De cet enfermement, Margolin a conservé un souvenir obsessionnel des camps, des ombres qui resurgissent lors des conversations rapportées. C’est une des raisons pour lesquelles il a témoigné au procès de David Rousset, qui occupe aussi une partie du recueil. Avant le procès Rousset, Margolin s’est lancé dans plusieurs campagnes pour faire libérer des camps soviétiques des prisonniers comme Benjamin Berger, l’ancien responsable de l’organisation sioniste en Lituanie, dont il avait partagé le sort pendant quelques mois dans un camp. L’homme lui avait sauvé la vie en lui permettant de manger.
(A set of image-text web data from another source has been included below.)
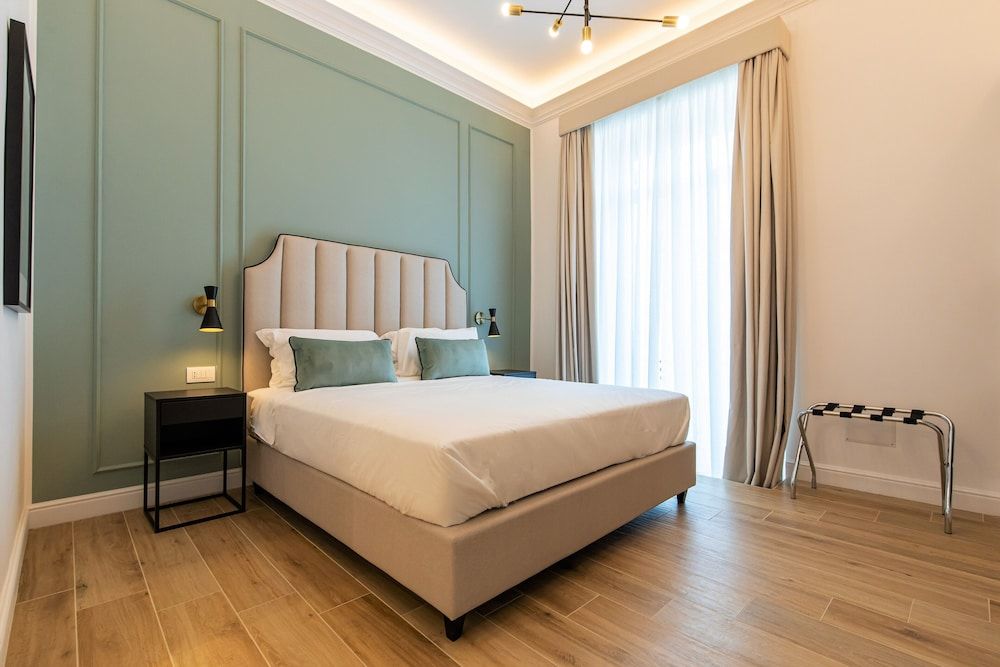 undefined Unico Relais 4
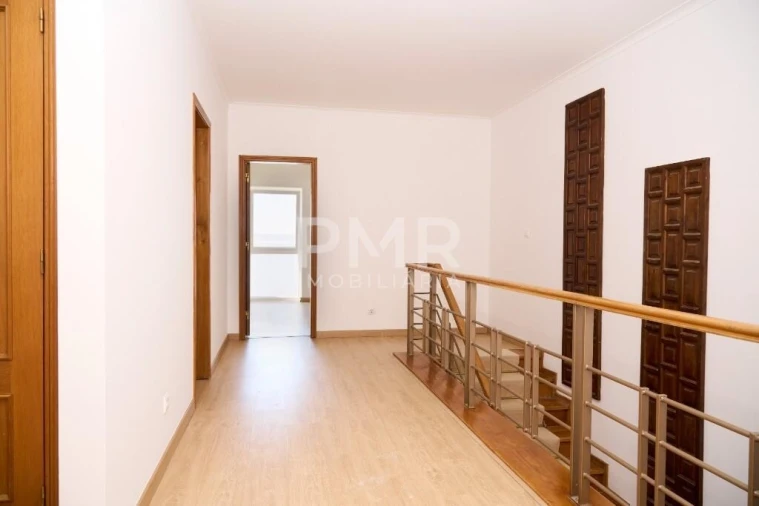 Apartamento T4 para Venda em Alcochete Foto 7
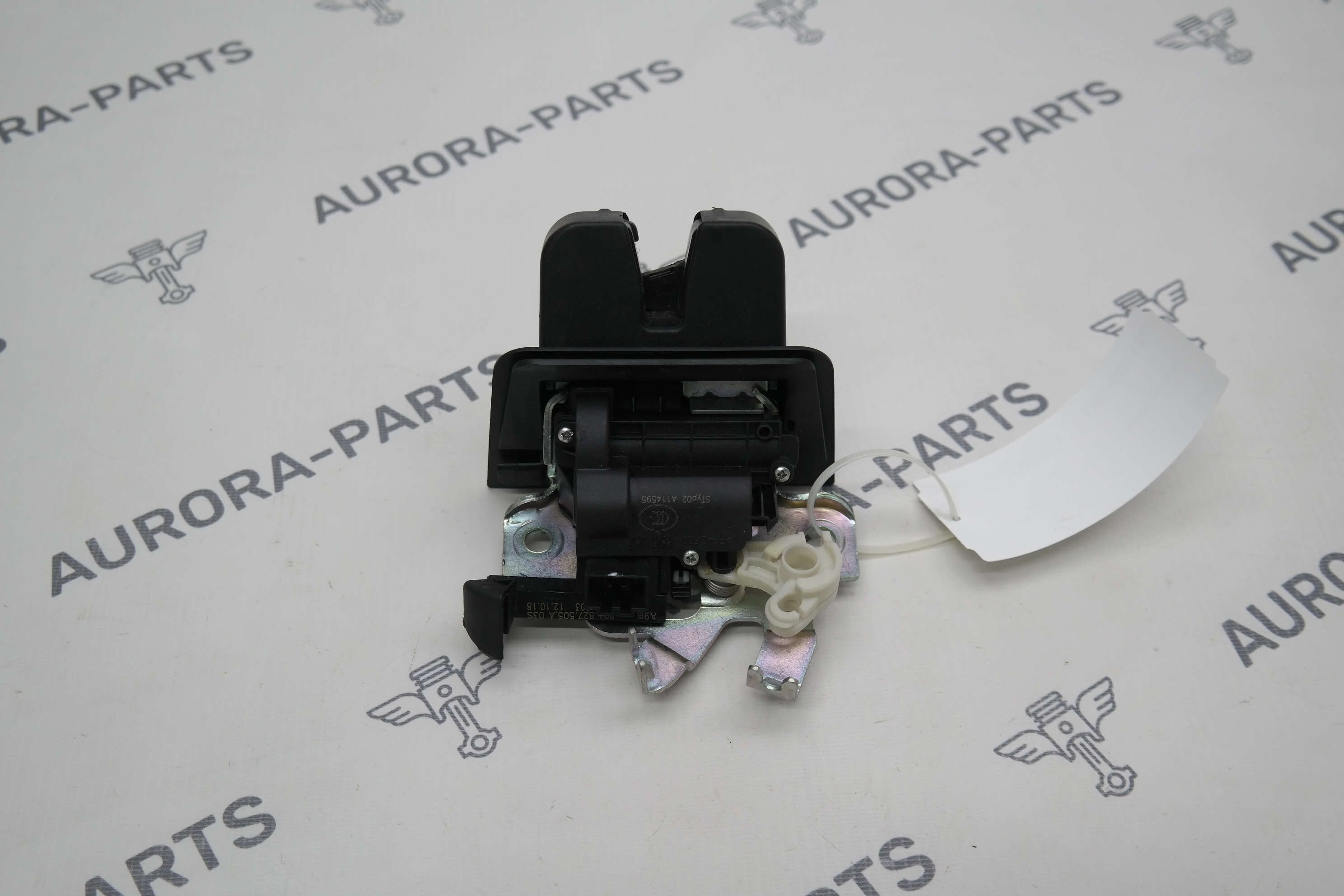 Замок крышки багажника Audi Q5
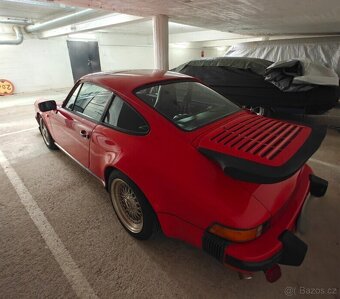 Porsche 911 Carrera 3.2 z roku 1986 - 3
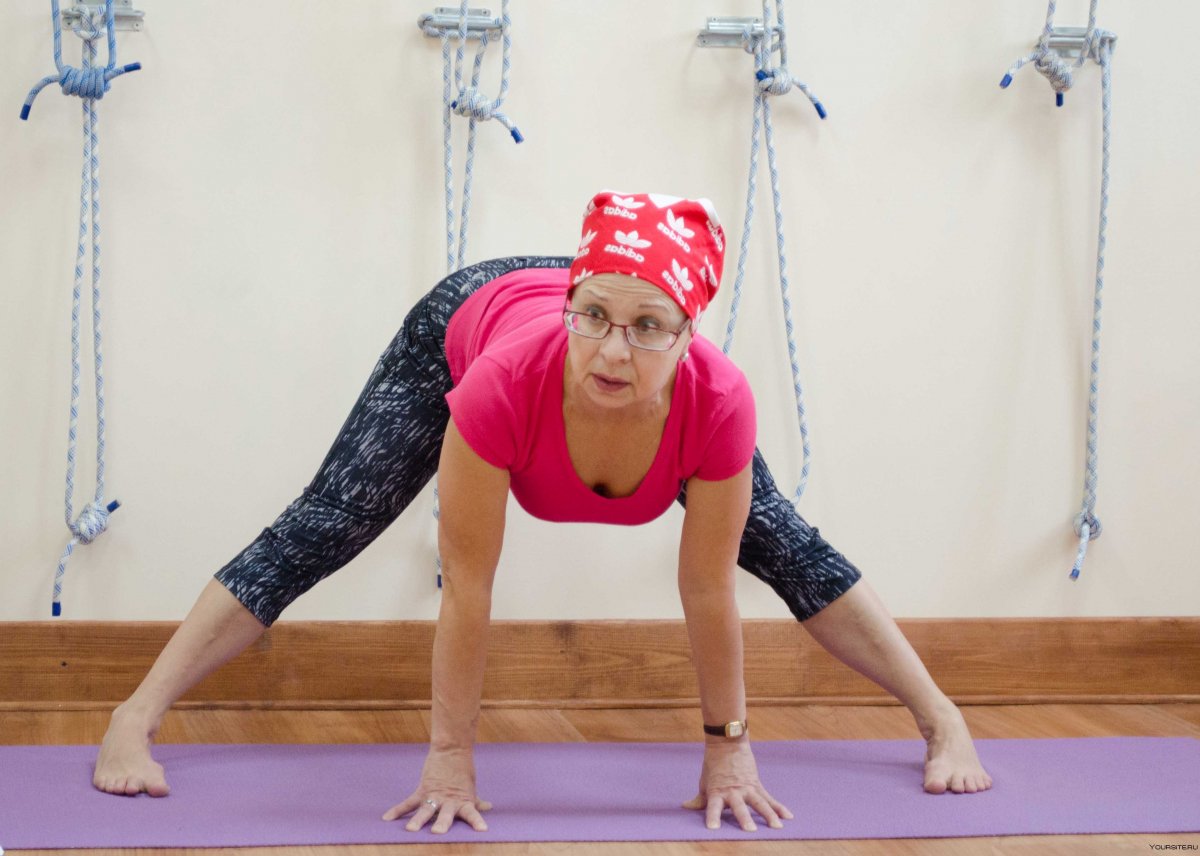 Намаскарасана Айенгар Курмасана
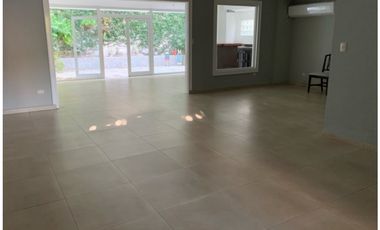Venta de casa dúplex, La Alameda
Lors de la parution de son témoignage, Margolin l’a intitulé « Le rapport parisien ». Il y expose sa fraternité de cœur avec David Rousset et les raisons qui l’ont poussé à témoigner aux procès. Il se fait également l’écho des réactions de l’opinion, et propose un compte-rendu bref et incisif du procès David Rousset. Margolin, qui a témoigné, explique comment il a changé de stratégie à la dernière minute pour éviter d’être interrompu par les avocats communistes. Pour Margolin, les communistes font régner une atmosphère de peur générant la lâcheté et l’irresponsabilité. Il les met à plusieurs reprises en accusation. Déniant aux intellectuels occidentaux comme Jean-Paul Sartre – alors compagnon de route du PCF qui justifiait l’existence du système concentrationnaire au nom d’un « mal nécessaire » – la moindre lueur d’honnêteté, il les qualifie de rustres, de cyniques et de « salauds », selon le titre de l’article qu’il leur consacre.  Il oppose leur « posture » au « courage moral » de l’intelligentsia russe – y compris composée de bolcheviks – qu’il a rencontrée dans les camps. Margolin n’hésite pas à comparer les systèmes concentrationnaires nazi et sociétique, et à faire usage de la notion de totalitarisme, pour l’enrichir et la développer.

 

L’antisémitisme structurant du nazisme

Sa réflexion sur Eichmann et le nazisme couvre toute la deuxième partie du recueil. Sur ce sujet, Le procès Eichmann et autres essais rassemble d'une part un grand reportage publié au jour le jour, et d'autre part des réflexions éparses sur le procès. Dans la première partie, il s’attache à décrire le plus précisément possible le procès Eichmann. Il pointe les mécanismes totalitaires et décrit la figure du criminel bureaucratique, en laissant passer au second plan l’analyse de l’idéologie, largement occultée par les efforts déployés par le criminel nazi pour se disculper. Margolin comprend qu’Eichmann cherche à diluer sa responsabilité dans le discours sur le caractère bureaucratique du nazisme. Il tente alors de combattre les dénégations d’Eichamnn et la fuite de ses responsabilités. Margolin porte aussi un constat amer : les témoins venant à la barre n’arrivent pas à prouver la responsabilité d’Eichmann, et son système de défense lui permet d’éluder la question de sa responsabilité individuelle. Si la mémoire commune a surtout retenu l’analyse du procès fournie par Hannah Arendt dans son livre polémique, les principaux travaux historiques montrent au contraire que c’est l’analyse de Julius Margolin qui a le mieux perçu ce qui qui se jouait là. Depuis Raoul Hilberg et sa monumentale Destruction des Juifs d’Europe jusqu’au récent Eichmann avant Eichmann de Bettina Stangneth, la recherche historique a nettement dégagé la dimension idéologique et politique de la pensée d'Eichmann et de son action ; son antisémitisme s’exprimant encore par voie de presse dans les années 1950, juste avant son arrestation.

Les ouvrages publiés aujourd’hui livrent deux réflexions passionnantes et croisées sur ce terrible XXe siècle, témoignages amers marqués par des lucidités désespérées.